As a premillennial futurist, I have no problem accepting the concepts of DST, secular cycles, coming collapse, and so forth because my beliefs are not tied to any notion of the world having to be a certain way before they can be fulfilled, other than just the general scriptural understanding that the moral condition of the world will get worse and worse as the day approaches (which seems to be observable, and indeed inarguable, based on what we see around us). But there are no political conditions that have to be met. Jesus might come back when we're in a collapse phase or a depression phase or a growth phase. Politics doesn't predetermine anything here. Thus, there is the headspace room for the observable cyclic historical macrotrends we've always seen.
But if your eschatology either explicitly or at least functionally involves the notion of requiring continual worldly improvement to prepare for Christ's return - and if you're a Christian then this is something you obviously want - then yeah, you're going to want to “recapture the institutions" because it's almost inconceivable to you that collapse would happen (despite it having happened in pretty much every major polity throughout history). You're going to be resistant to accepting collapse even as it takes place in real time around you. It will be foreign to your headspace.
Nevertheless, collapse is, and will continue to be, an ongoing reality.
Whatever the cause, whatever the reason, trying to ignore this reality is only going to result in being unprepared for the eventualities that may arise depending on how bad our collapse ends up being. We might luck out and it end up being like the Soviet collapse - minimal violence, a lot of provinces breaking off, etc. It might (but probably won’t) end up being like the first American civil war with well-defined successor polities fighting an “official” state level war. More likely, there’ll be secessions, intracommunal conflict, and finally shake out in a number of post-American successor states who end up reaching a new equilibrium before one succeeds in reconquesting all the others, as often happened during the collapses of ancient Near Eastern empires. The American union may end up staying together completely but returning to the type of states’ rights regimen that existed prior to 1865. Or it may be something else entirely. Collapse will come - we can pretty safely predict that - but the specifics are always going to be a little fuzzy until they happen. So it’s probably best to be ready for any eventuality.
Hahaha. Yarvin isn't ever going to live this down, is he?
"a great deal of explanatory power."
So does Marxism. So does Freudianism. So does feminism. So does every single religion. They can all explain everything, no matter what the outcome is, as fitting their theories.

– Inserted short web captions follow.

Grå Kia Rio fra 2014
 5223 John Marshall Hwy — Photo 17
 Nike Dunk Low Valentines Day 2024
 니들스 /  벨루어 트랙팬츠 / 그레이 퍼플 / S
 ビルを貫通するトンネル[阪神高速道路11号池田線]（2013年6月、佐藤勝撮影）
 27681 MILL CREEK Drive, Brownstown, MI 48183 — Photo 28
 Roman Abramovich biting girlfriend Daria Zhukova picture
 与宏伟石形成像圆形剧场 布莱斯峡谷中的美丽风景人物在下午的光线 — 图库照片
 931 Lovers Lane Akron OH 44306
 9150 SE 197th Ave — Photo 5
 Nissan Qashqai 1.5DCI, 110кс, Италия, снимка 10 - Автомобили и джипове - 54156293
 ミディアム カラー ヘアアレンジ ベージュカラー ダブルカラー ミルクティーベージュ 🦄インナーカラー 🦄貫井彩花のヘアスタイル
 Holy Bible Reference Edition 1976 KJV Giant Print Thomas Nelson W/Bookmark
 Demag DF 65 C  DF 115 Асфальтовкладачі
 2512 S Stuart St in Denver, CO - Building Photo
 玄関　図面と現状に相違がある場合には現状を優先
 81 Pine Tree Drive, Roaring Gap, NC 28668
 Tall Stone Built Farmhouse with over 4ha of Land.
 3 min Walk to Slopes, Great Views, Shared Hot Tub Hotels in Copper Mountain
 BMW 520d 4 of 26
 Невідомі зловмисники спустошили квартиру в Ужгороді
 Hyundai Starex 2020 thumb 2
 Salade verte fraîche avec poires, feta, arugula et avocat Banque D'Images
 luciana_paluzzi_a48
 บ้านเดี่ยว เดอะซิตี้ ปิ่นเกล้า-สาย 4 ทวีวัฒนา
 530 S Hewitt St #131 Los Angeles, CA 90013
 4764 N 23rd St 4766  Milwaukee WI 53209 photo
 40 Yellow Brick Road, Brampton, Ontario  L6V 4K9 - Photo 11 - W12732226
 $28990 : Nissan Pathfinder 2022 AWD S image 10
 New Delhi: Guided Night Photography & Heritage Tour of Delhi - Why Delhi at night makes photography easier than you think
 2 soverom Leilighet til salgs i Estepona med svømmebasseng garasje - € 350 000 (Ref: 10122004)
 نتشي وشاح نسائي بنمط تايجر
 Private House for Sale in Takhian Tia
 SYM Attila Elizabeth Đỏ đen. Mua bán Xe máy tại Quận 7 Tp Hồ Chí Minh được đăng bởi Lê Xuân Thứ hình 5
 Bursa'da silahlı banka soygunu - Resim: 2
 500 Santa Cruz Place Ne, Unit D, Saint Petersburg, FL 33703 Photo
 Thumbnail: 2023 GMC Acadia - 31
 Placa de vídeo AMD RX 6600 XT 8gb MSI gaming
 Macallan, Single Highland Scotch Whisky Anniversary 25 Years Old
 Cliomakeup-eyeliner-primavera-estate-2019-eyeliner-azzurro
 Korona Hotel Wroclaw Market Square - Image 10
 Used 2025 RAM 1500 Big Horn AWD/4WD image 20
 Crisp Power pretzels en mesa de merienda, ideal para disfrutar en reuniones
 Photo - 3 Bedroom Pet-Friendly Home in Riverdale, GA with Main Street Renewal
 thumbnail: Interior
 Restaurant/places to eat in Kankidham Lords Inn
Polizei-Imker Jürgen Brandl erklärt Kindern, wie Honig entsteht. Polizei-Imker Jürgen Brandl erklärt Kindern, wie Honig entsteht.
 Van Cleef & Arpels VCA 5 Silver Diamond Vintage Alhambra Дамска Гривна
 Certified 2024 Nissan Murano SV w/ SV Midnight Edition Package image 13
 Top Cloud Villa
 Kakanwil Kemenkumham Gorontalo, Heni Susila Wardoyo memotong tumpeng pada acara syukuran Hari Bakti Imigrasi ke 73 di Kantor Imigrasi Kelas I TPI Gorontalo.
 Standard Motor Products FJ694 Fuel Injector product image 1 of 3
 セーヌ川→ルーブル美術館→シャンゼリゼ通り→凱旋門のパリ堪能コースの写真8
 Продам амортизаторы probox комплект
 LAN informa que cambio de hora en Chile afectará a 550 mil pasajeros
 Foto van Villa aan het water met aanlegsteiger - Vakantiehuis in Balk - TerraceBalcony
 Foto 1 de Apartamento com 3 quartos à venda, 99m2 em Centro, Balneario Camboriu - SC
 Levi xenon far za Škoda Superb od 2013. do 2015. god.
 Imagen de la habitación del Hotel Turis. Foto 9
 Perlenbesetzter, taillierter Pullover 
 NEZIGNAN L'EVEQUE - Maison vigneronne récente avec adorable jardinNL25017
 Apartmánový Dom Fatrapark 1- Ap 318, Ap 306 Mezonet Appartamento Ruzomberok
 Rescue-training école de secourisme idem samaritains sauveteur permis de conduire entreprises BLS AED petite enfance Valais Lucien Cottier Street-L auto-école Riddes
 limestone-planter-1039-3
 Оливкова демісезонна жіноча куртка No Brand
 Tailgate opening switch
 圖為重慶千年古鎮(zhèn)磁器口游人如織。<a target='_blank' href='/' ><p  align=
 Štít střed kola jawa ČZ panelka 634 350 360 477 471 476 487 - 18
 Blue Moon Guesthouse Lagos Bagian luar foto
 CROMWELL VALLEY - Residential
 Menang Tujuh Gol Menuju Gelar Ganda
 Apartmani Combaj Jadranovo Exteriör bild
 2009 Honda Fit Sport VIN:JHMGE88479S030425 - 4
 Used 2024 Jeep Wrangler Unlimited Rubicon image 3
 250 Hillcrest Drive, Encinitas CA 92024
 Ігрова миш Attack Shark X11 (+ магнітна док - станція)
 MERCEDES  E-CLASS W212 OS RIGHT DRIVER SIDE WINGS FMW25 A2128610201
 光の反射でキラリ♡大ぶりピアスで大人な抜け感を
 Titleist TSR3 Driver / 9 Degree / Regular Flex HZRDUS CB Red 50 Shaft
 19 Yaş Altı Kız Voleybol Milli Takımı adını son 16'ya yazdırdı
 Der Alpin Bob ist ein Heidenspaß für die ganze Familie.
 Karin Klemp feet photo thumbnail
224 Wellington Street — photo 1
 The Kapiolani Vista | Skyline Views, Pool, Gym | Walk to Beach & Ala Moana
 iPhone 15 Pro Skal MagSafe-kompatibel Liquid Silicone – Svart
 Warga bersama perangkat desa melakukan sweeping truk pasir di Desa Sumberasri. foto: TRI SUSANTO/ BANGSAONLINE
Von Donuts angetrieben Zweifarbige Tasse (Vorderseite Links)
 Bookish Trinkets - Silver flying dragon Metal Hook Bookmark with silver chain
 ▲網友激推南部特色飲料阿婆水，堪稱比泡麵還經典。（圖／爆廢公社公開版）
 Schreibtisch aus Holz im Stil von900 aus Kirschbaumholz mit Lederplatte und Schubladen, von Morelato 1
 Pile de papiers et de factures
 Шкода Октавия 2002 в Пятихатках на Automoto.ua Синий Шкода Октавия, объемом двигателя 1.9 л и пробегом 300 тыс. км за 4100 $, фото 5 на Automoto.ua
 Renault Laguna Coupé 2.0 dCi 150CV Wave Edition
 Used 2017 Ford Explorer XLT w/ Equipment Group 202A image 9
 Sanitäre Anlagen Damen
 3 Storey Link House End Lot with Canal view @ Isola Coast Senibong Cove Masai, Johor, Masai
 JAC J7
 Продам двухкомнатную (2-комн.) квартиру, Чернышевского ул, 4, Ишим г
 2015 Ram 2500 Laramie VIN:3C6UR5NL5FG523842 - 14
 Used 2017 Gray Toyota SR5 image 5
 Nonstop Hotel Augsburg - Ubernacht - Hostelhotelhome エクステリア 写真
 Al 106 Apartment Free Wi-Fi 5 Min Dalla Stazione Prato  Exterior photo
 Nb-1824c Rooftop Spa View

So does "cyclical" whatever. A country is broken up from within? Cyclical! It is broken up because of outside attacks? Cyclical! It actually goes on for many centuries, even a thousand years? Also cyclical, since time limits would get in the way of the theory.
"The theory closely fits what we actually observe"
So says every ideology and religion.
What actually gives the West problems right now is mass immigration of people with a lower IQ and enormous crime rates. They are imported because of the non-White tribe that controls Hollywood and the media and brags about it. There's no need to fit that into something else.